As the name suggests, it’s the role of the agile coach to assist team members who may be having trouble adapting to agile. If this question makes an appearance during your interview, you’re simply being assessed on your ability to manage individual concerns within a team context.
So how is it done? Here are a few pointers:
Help the team member understand that agile presents new opportunities for personal and professional growth. The trial-and-error nature of the sprint system means that developers can feel free to try something totally new — and that’s really fun!
Focus on the alignment of the team’s contributions to the overall goals of the company. When individuals can see the results of the work they’ve done in action, their motivation will naturally increase.
10: “How would you manage overlapping iterations?”
As we’ve seen, the agile methodology isn’t a one-size-fits-all solution.
Each development team uses it in a slightly different way, and it’s up to the agile coach to adapt to this in each organization.
One particular topic which may come up is the question of overlapping iterations or sprints.
In a nutshell, this refers to a multi-team organization all working on different sprints at the same time. The lynchpin here is the timing of these sprints. If they’re not broadly aligned, you’ll find that some teams are finishing sprints while others are just starting, some are planning while others are holding retrospectives.
There’s nothing wrong with this approach at all, if the business is set up for it, but an interviewer for the agile coach role may ask you how you’d manage such a setup.
Don’t worry, it’s not a trick question. Just focus on the strategies you’d deploy to ensure team cohesion and motivation despite overlapping schedules.
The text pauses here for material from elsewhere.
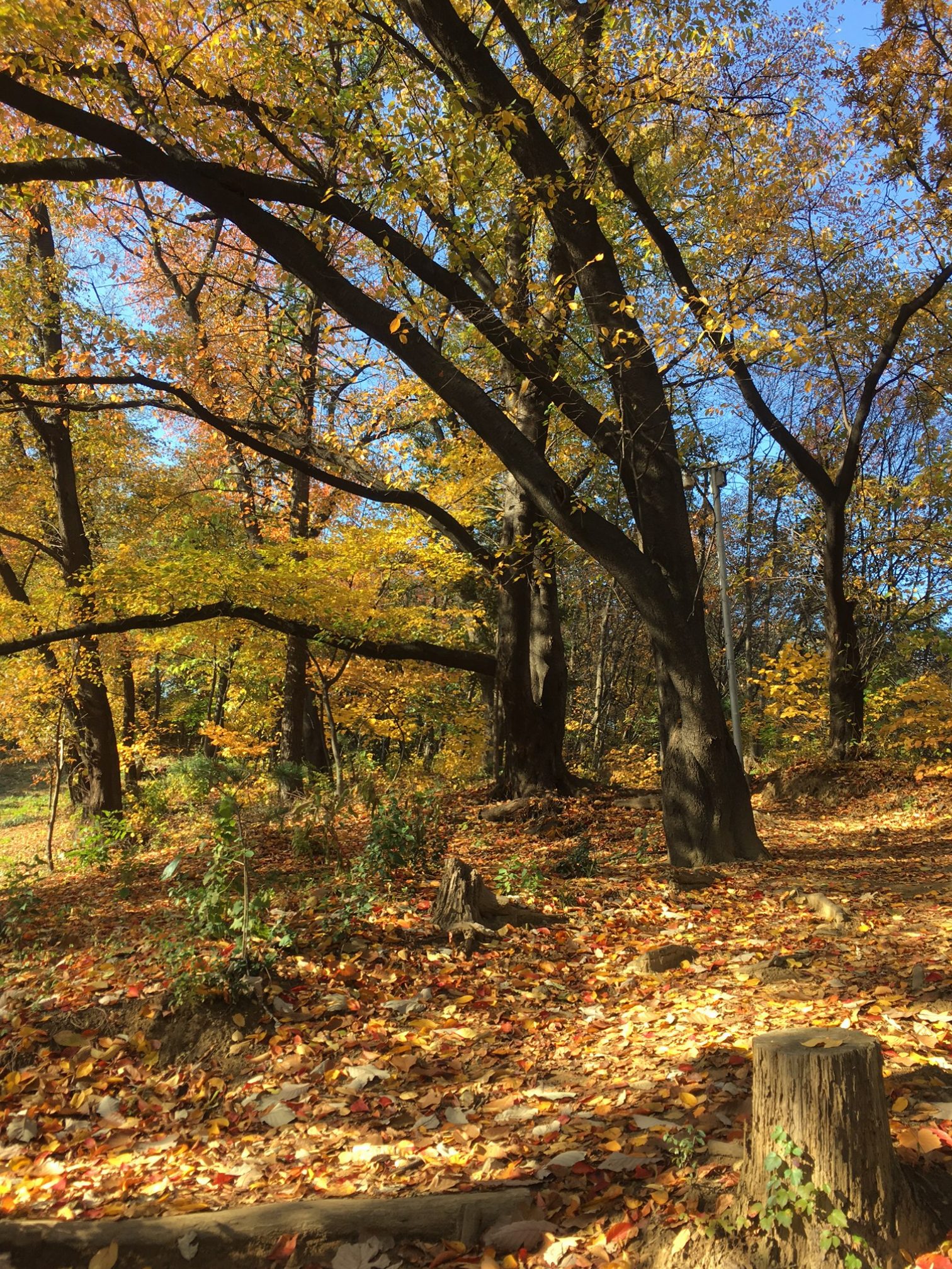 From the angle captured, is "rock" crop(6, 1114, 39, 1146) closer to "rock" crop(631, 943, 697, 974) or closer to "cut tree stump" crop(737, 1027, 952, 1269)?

That’s the agile coach job interview questions and answers taken care of — the rest is up to you
Nobody ever said landing the role of agile coach was easy. That’s probably because it’s not. But it is incredibly rewarding… for the right candidate.
If that’s you, these 10 agile coach interview questions (and answers) will serve as an excellent foundation to prepare for your interview. In the days leading up to your meeting, don’t be afraid to build on what we’ve covered here. Swot up, geek out, and immerse yourself in all things agile (you’ll find plenty more insights on our blog, too!).
From there, take the knowledge you’ve built and channel it into your interview responses on the big day, with confidence and expertise.
You’ve got this! Best of luck.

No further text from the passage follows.